No, we didn’t put doorknobs on our interior doors with our free time. We didn’t clean the garage. We didn’t balance the checkbook. We didn’t pay the bills, clean the fish aquarium, do the laundry, or paint interior trim.
Instead, we downloaded The Office, Season Three onto the laptop and had our own little marathon-viewing session. We laughed until our sides hurt. We made major decisions. (Do you want me to make some popcorn? Or should we just order a pizza?) We had a goal, people, and we met that goal. We were determined to finish the third season, and we did it, and I can honestly say that no character has ever made me laugh as hard as Dwight Schrute.
Unless it was Dory, the absent-minded fish with no short-term memory in Finding Nemo.
And then Hubs’ parents stopped by, because…land sakes! They had the find of the century!

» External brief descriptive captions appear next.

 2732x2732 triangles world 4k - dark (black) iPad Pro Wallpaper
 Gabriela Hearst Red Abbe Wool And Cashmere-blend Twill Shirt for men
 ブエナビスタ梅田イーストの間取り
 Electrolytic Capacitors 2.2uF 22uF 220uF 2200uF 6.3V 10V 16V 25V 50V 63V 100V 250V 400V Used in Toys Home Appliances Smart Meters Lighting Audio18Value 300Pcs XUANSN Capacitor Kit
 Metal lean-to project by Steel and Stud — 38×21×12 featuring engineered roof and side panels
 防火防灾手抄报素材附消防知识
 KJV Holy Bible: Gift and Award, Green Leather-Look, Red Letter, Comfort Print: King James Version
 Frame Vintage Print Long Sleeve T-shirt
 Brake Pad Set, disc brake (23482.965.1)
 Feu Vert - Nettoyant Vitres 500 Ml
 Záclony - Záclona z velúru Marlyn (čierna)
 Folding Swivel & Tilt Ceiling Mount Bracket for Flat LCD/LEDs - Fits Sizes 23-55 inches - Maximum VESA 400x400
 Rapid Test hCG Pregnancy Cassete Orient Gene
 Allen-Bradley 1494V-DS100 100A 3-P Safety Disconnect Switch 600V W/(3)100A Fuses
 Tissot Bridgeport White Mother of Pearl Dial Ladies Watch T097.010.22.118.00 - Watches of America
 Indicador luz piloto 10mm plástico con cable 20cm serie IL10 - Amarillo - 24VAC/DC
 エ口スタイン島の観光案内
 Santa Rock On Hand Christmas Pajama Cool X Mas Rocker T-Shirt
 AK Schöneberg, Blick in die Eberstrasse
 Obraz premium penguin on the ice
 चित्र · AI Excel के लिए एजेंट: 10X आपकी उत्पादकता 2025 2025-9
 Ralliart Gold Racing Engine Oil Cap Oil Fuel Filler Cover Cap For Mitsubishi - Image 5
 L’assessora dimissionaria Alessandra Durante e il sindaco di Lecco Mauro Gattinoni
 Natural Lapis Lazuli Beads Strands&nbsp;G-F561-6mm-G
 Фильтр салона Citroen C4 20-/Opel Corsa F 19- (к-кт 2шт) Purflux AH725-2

Months ago, I decided that I needed a nifty bench to use as a coffee table in front of a love seat that we have. I was a bit like Goldilocks, because the bench could not be too long, or too short, or too skinny. It had to be just right. And…it had to be old. Yes, I was on a mission to find the perfect antique bench, which would serve our family as a coffee table, and I’ve been scouting for one for months on end. Hubs’ parents love to browse antique shops and estate sales, so I recruited them to keep an eye out for the perfect bench to put in front of our love seat. We had begun to believe that what I wanted only existed in my mind, until yesterday, when Hubs’ parents called.
Oh, people! The bench is perfect! As Goldilocks would say, “It’s just right.” And truly, it must be, because Hubs and I spent the remainder of the day on the love seat, with our feet up on that new bench and the laptop in front of us, howling at Dwight Schrute until tears streamed down my face.
And we had popcorn.
And later we had pizza.
And that, my friends, sums up our Saturday.
And then, this morning, we went to church, where we heard a great message. A fantastic, message. In fact, it struck home with me, because I realized that I do not share my faith as often as I should. Not at all. And wow! I need to, because, goodness! The alternative to Heaven is not something to be taken lightly, and shouldn’t everyone know about this?
After church, the boy played with his little friend, G, and I hung out with my friend, Susan, who helped me edit some photos of our darling boy to use on our Christmas card, because Susan is a Photo Shop Professional, while I am simply a Photo Shop Wanna-Be.
But…here’s a little secret: Our Christmas card is going to rock!
And then tonight, we went back to the church for our weekly small group Bible study, where we sat around and inhaled chips and cookies. The first half of our small group time is always devoted to just hanging out. We slump in chairs and sofas, we eat good food, and we simply talk with one another. The conversation at our table tonight covered an assortment of things, from preg-testing cows, to branding and castrating, to what it actually feels like to miss the cow when you have the syringe of antibiotics, and instead stab it into your own hand. Hubs and I, along with Nick and Jessie, and Dave and Missi, shrieked and howled and giggled. I can only assume that the conversations at the other table were nowhere near as funny as ours were, because they all kept looking over at us, as we were practically falling out of our chairs with laughter. And then, after we’d given up on discussing ranch life, we all circled up with the other couples for a great small group discussion.
And then, when we got home and I was encouraging the boy to hurry, please just hurry, please don’t play with Legos, please just hurry and get through the shower and ready for bed, he turned to me and asked, “Mom, what are cat noses made out of? Did God just use a little bit of leather when he made their noses, or what?”
He stopped me cold. I’m not even sure that the answer to this is on Wikipedia.
People, what ARE cat noses made out of??!!